▶ PROBLEM DETAILS: After finding "FIJI STYLE COOKING" in the data, write out its line and all following lines without change, up to and including the last one. Leave out pictures.

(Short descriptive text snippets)

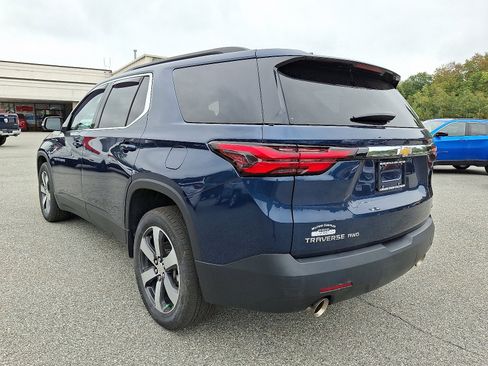 Used 2023 Chevrolet Traverse LT w/ LT Premium Package image 7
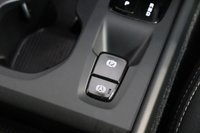 USED 2022 22 VOLVO XC40 1.5h T4 Recharge 10.7kWh Core 5dr  Auto (APPLE CAR PLAY) 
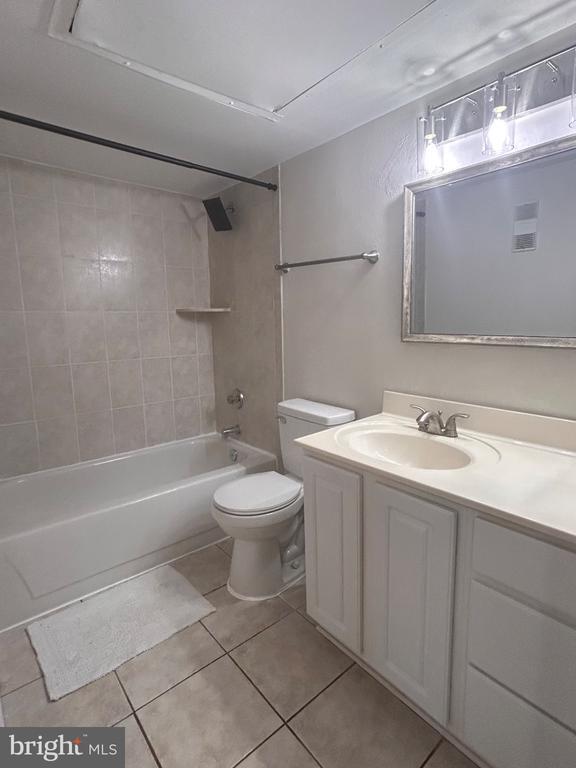 Building Photo - 12158 Penderview Terrace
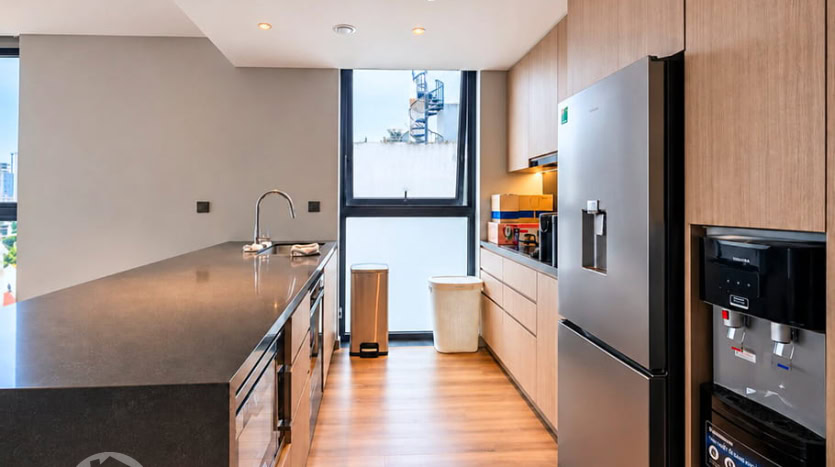 New 2-Bedroom Apartment with West Lake View for Rent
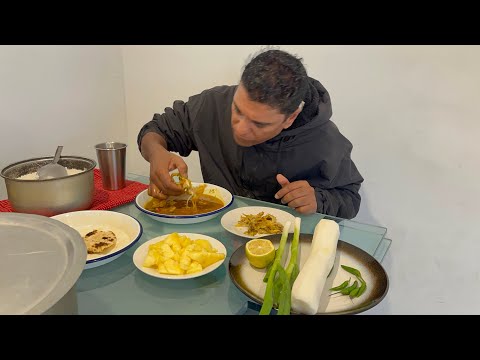 FIJI STYLE COOKING AND EATING SNAPPER FISH CURRY
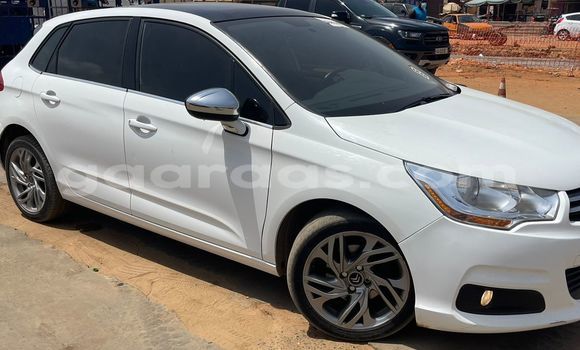 Acheter Import Voiture Citroen C4 Blanc à Dakar, Dakar Acheter Import Voiture Citroen C4 Blanc à Dakar, Dakar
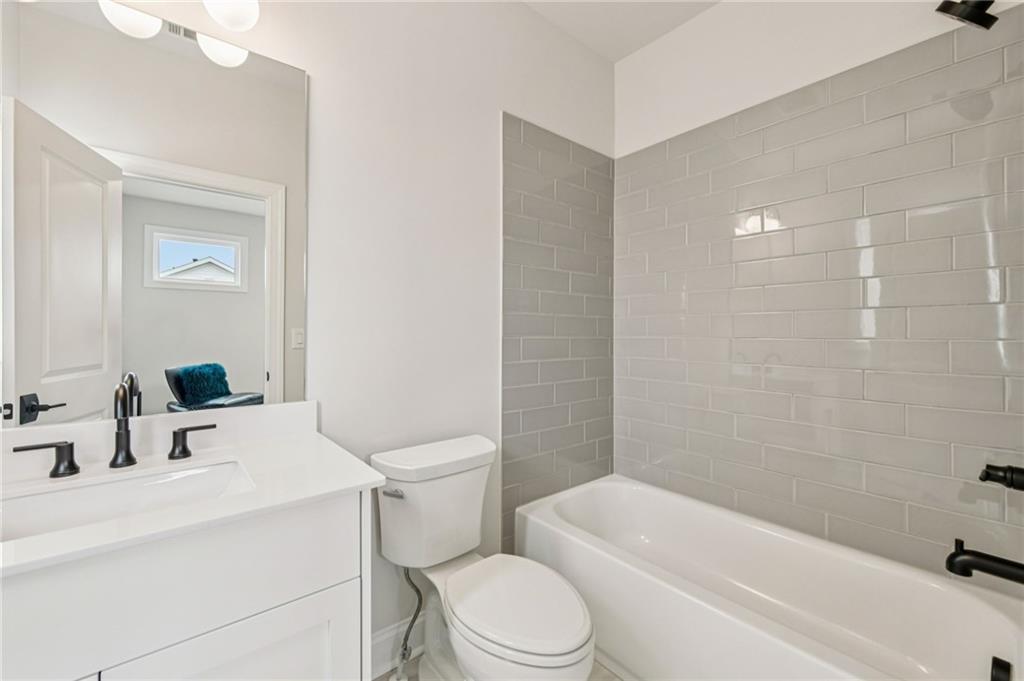526 Pearl Street Cumming, GA 30040 - Photo 27 of 39 a bathroom with a toilet a sink and bathtub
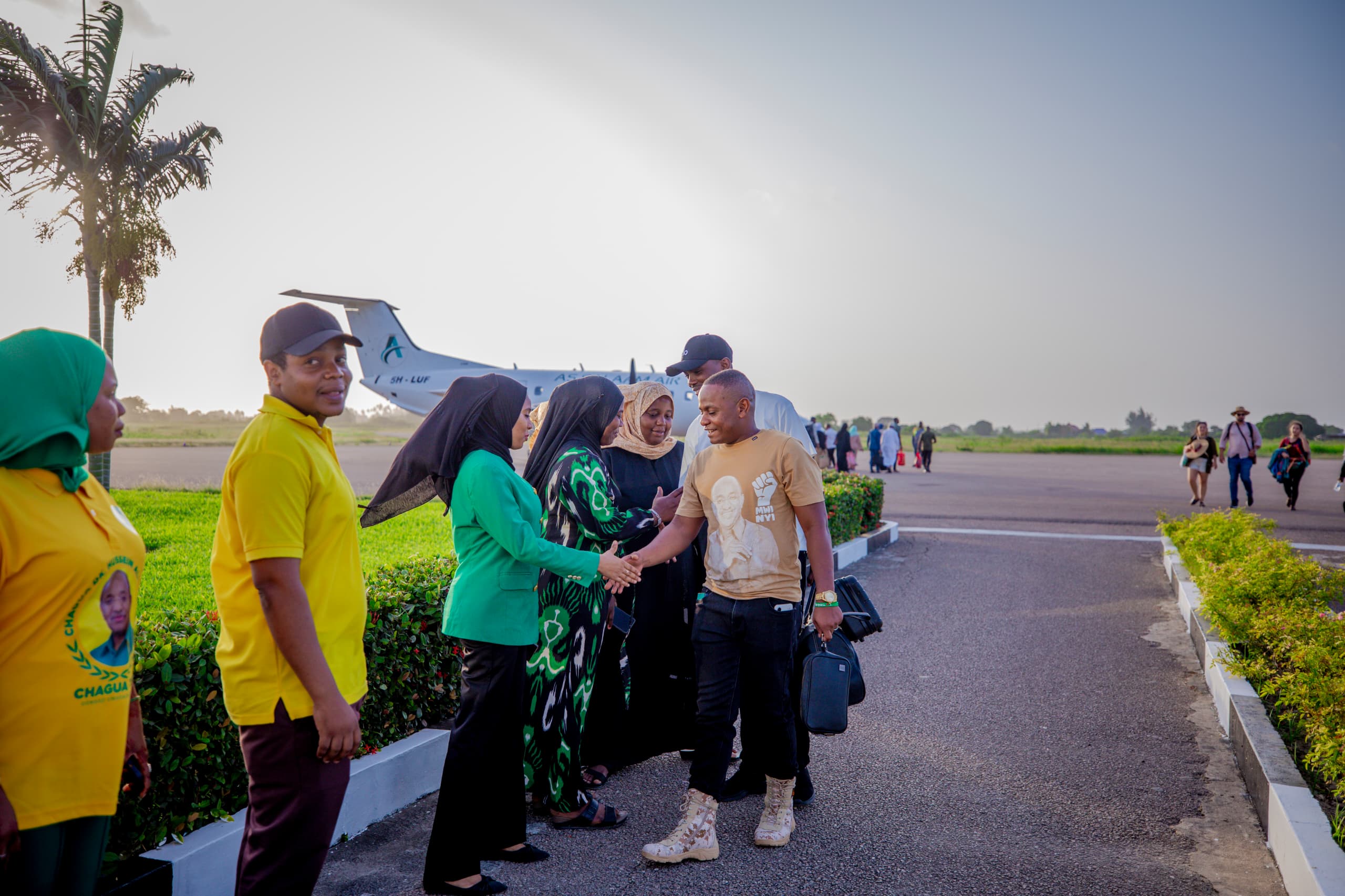 KAWAIDA AWASILI PEMBA KUFUNGA MATEMBEZI YA MAADHIMISHO YA MIAKA 62 YA MAPINDUZI MATUKUFU YA ZANZIBAR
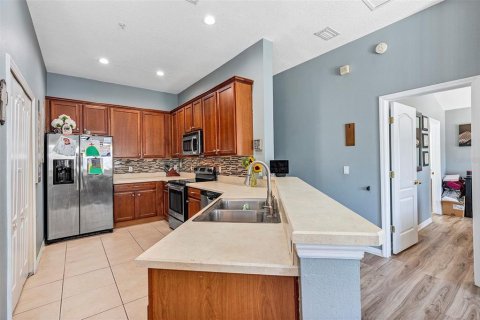 Condo in Orlando, Florida, 2 bedrooms  № 1918536 - photo 15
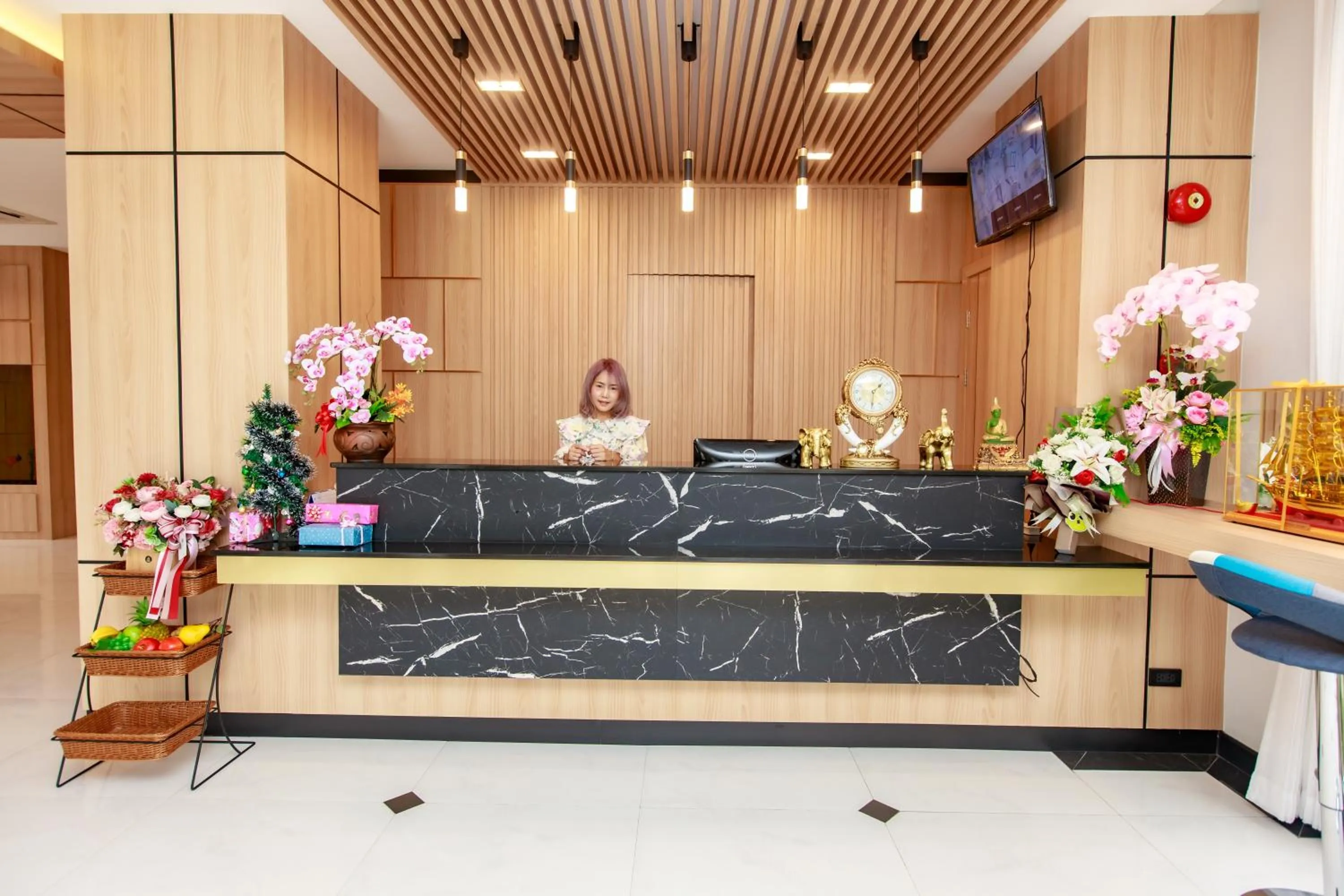 Lobby or reception in Siri Hotel Lumphun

▶ ANSWER FOR THE TASK:
 FIJI STYLE COOKING AND EATING SNAPPER FISH CURRY
 Acheter Import Voiture Citroen C4 Blanc à Dakar, Dakar Acheter Import Voiture Citroen C4 Blanc à Dakar, Dakar
526 Pearl Street Cumming, GA 30040 - Photo 27 of 39 a bathroom with a toilet a sink and bathtub
 KAWAIDA AWASILI PEMBA KUFUNGA MATEMBEZI YA MAADHIMISHO YA MIAKA 62 YA MAPINDUZI MATUKUFU YA ZANZIBAR
 Condo in Orlando, Florida, 2 bedrooms  № 1918536 - photo 15
 Lobby or reception in Siri Hotel Lumphun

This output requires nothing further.